Bún Chả is a traditional Vietnamese dish that originated in Hanoi and is made with grilled pork and noodles with a dipping sauce. It is usually served with condiment bowls of minced garlic and sliced hot peppers that can be added to your individual taste. Fried spring rolls are also commonly served with Bún chả. We definitely enjoyed eating Bún Chả and even visited the Bun Cha Ta restaurant twice during our stay in Hanoi. Bún Chả was also one of the items that we learned to make during our cooking class and we’ll definitely be making it for ourselves at home.
Phở is a Vietnamese soup that is usually made of beef, broth, herbs and noodles, but it can be made with chicken or pork as well. Unlike Bún Chả where you don’t drink the broth, Phở is a soup and you eat the meat and noodles with chopsticks and use a spoon to eat the broth. Once again you can add hot peppers to your Phở in order to make it spicier, but add them slowly as they are very spicy. Our hotel recommended that Pho 10 Ly Quoc Su, which is in the old quarter near way were staying and based on the lines, it is extremely popular with locals and tourists alike.

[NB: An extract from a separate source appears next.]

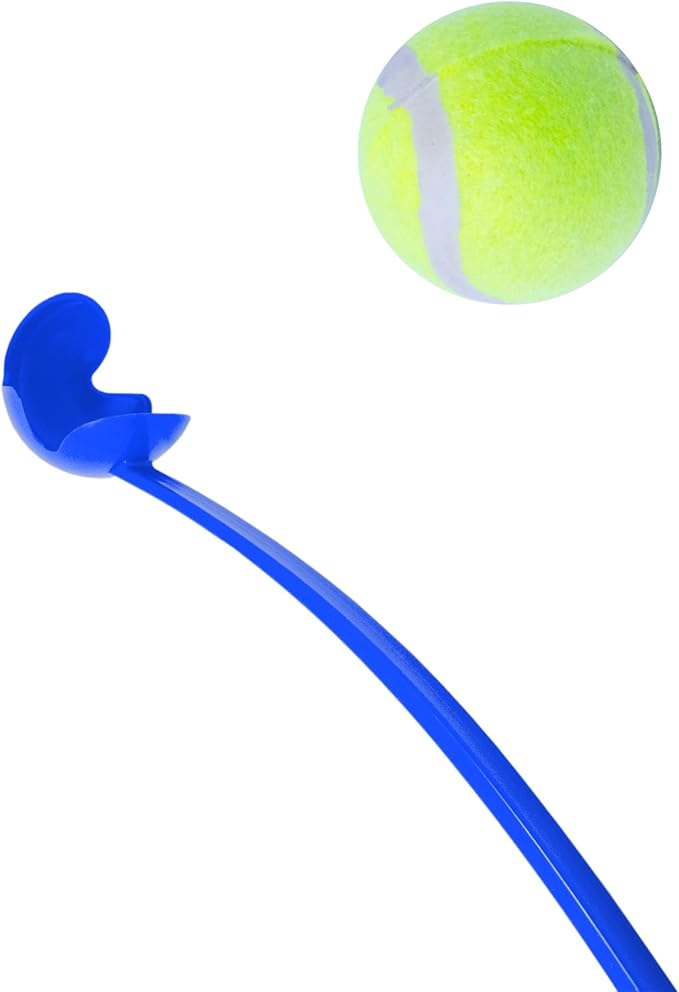 HQ Large Fetch Ball Launcher in, Elevate Playtime Fun with This Pet Ball Thrower/Best Tool for Pet’s Playtime (Blue)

Egg Coffee is another traditional Vietnamese item and something that we had a couple of times and also made during our cooking class. It is coffee that is made with egg yokes and condensed milk, which makes it rich and sweet. We also ate seafood at a restaurant on the shore of Hoan Kiem Lake as well as during our overnight cruise on Halong Bay. During our tour to Ninh Binh, we were treated to a meal with fried spring rolls and a stew made with goat, potatoes, and carrots. Goat was a traditional dish for the Ninh Binh Province. During our tour of Perfume Pagoda, we were treated to an overwhelming array of local dishes that included beef, pork, chicken, and vegetables.
Obviously there are plenty of restaurants featuring western food, but we only ate at restaurants featuring local cuisine. Our chopstick skills definitely improved during our time in Vietnam as well since they were often the only utensils offered. We certainly enjoyed trying as much of the famous street food of Hanoi and the surrounding area as possible. We are definitely looking forward to recreating as many of the meals as we can in the upcoming months.